** Recorded information **
_ _ _ _ _ _ _

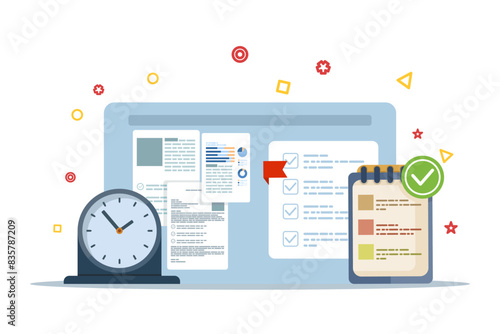 concept of task management, request management tools, to-do lists and deadlines. Effective planning, Work organizer, daily plan. Project manager tool, business, productivity online platform.
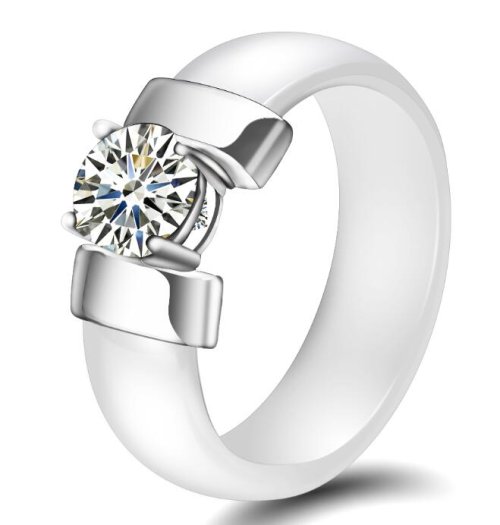 Image de Bague Élégante Céramique & Zircone - Or Blanc & Noir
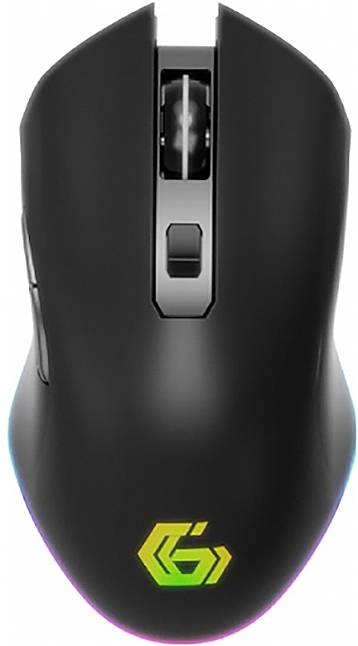 Schwarze Gaming-Maus mit beleuchtetem Logo und Scrollrad; ergonomisches Design für präzises Spielen.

_ _ _ _ _ _ _

** Work item **
Repeat the data word for word. Skip the pictures.

** Response box **
 concept of task management, request management tools, to-do lists and deadlines. Effective planning, Work organizer, daily plan. Project manager tool, business, productivity online platform.
 Image de Bague Élégante Céramique & Zircone - Or Blanc & Noir
 Schwarze Gaming-Maus mit beleuchtetem Logo und Scrollrad; ergonomisches Design für präzises Spielen.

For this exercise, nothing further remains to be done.